Task prompt - Take the entries below and reproduce exactly the portion that begins at the line containing "lifwimner Chiffon Shawls" and ends at the line containing "A.Akay Kapitone Yelek kahve", keeping both ends, dropping pictures, and adding nothing else.

** Dataset records follows **

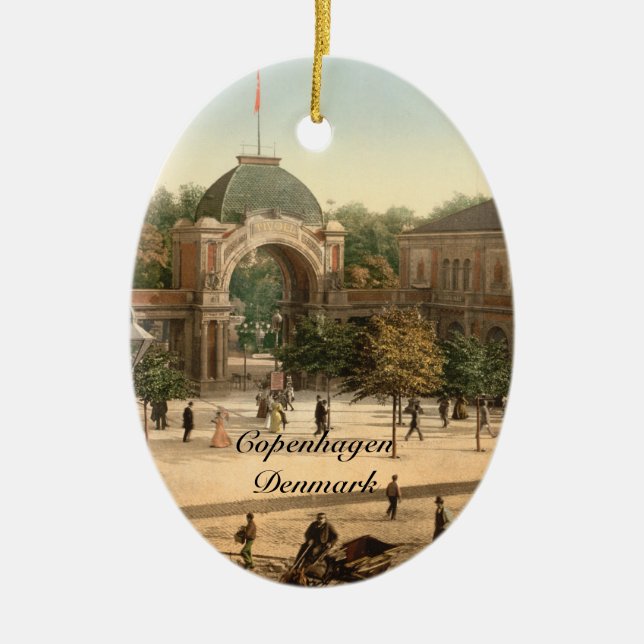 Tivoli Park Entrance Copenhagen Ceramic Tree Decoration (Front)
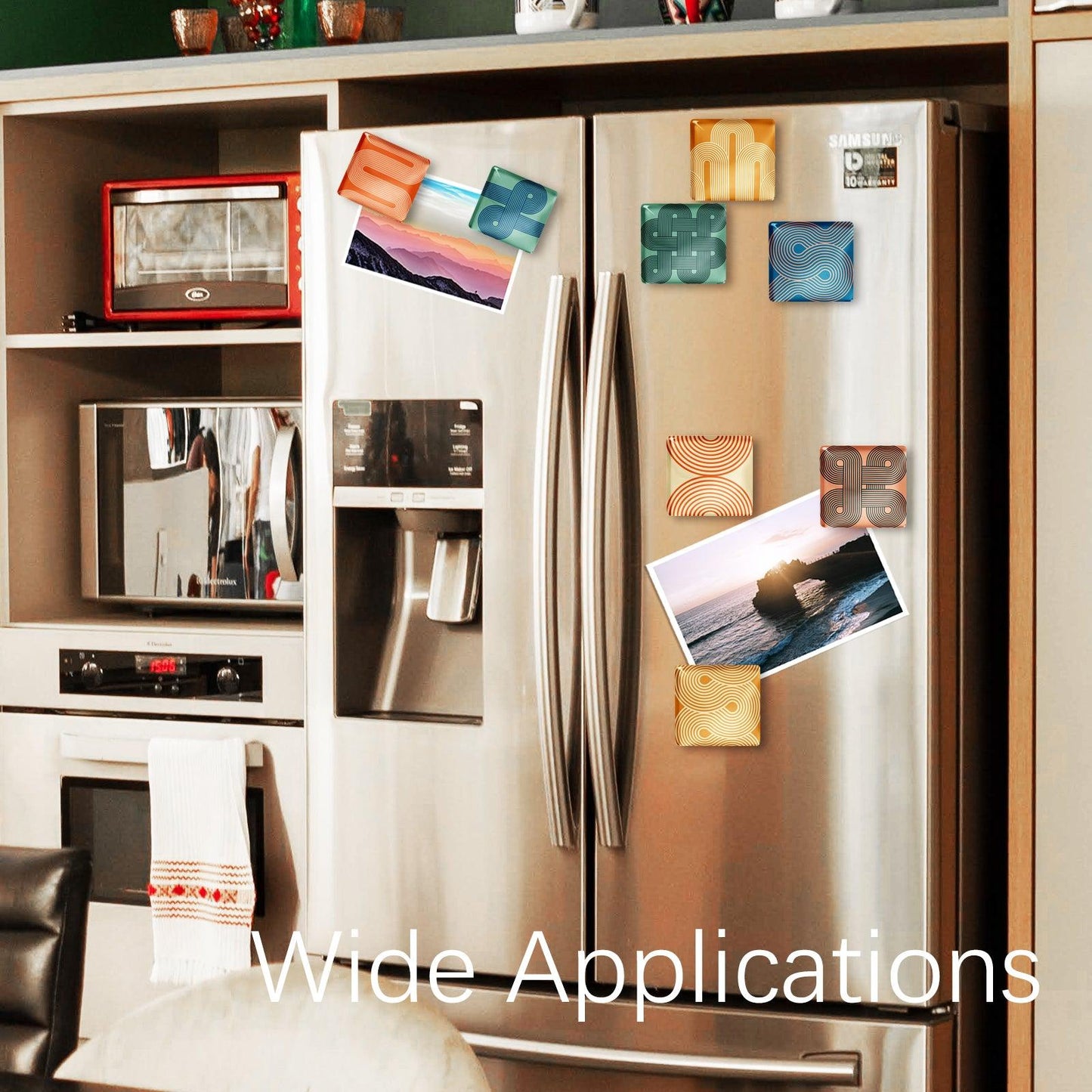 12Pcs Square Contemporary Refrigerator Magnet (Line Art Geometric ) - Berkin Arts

** End of Dataset records **
** Dataset records follows **

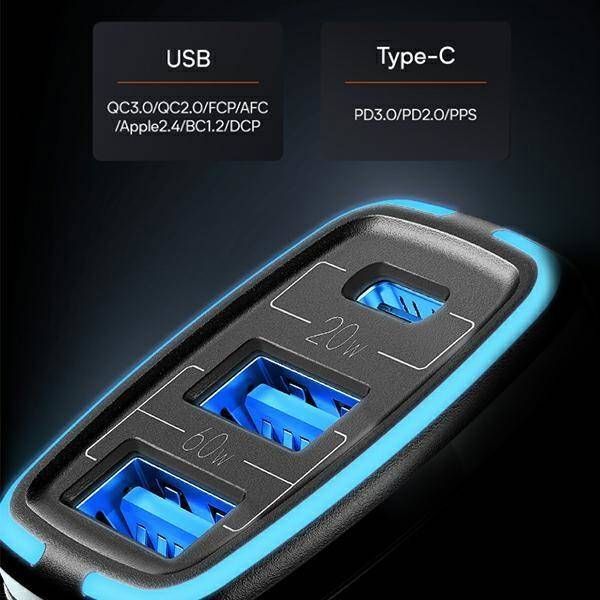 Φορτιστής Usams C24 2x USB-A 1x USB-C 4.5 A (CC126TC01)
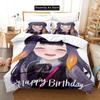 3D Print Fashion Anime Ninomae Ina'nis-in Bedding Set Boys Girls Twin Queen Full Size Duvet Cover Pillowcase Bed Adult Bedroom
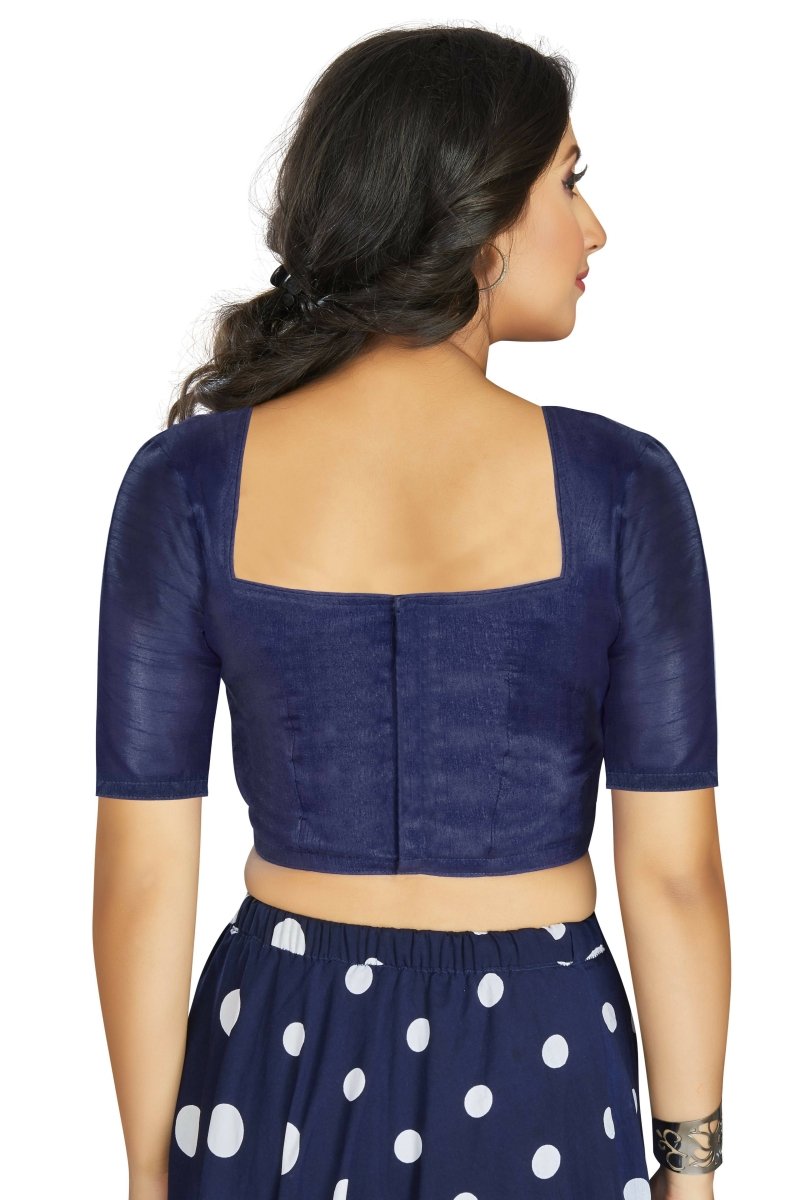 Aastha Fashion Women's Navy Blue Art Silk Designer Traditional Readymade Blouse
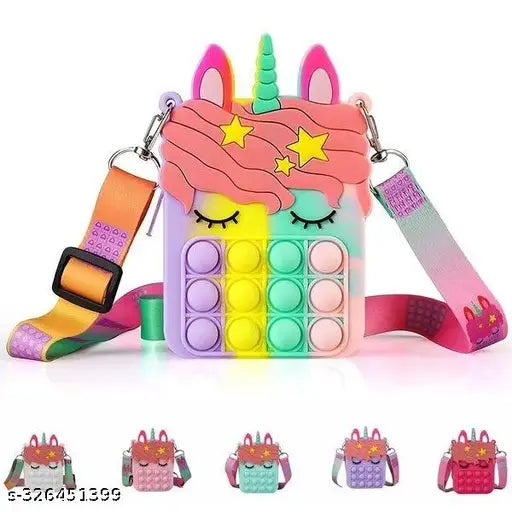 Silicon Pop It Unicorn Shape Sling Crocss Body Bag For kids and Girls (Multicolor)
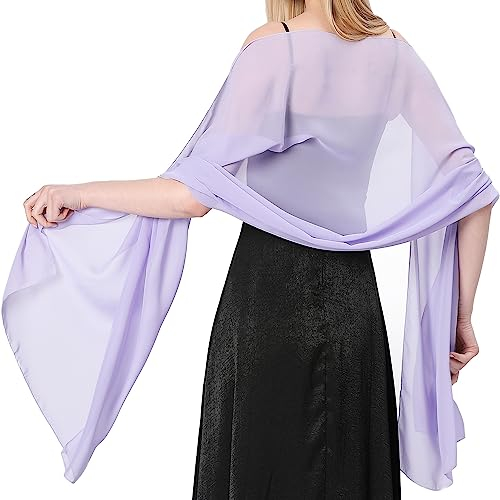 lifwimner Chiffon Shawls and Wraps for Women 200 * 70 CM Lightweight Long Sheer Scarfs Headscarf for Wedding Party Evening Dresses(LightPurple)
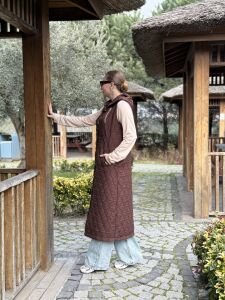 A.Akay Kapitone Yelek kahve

** End of Dataset records **

Exercise result -
 lifwimner Chiffon Shawls and Wraps for Women 200 * 70 CM Lightweight Long Sheer Scarfs Headscarf for Wedding Party Evening Dresses(LightPurple)
 A.Akay Kapitone Yelek kahve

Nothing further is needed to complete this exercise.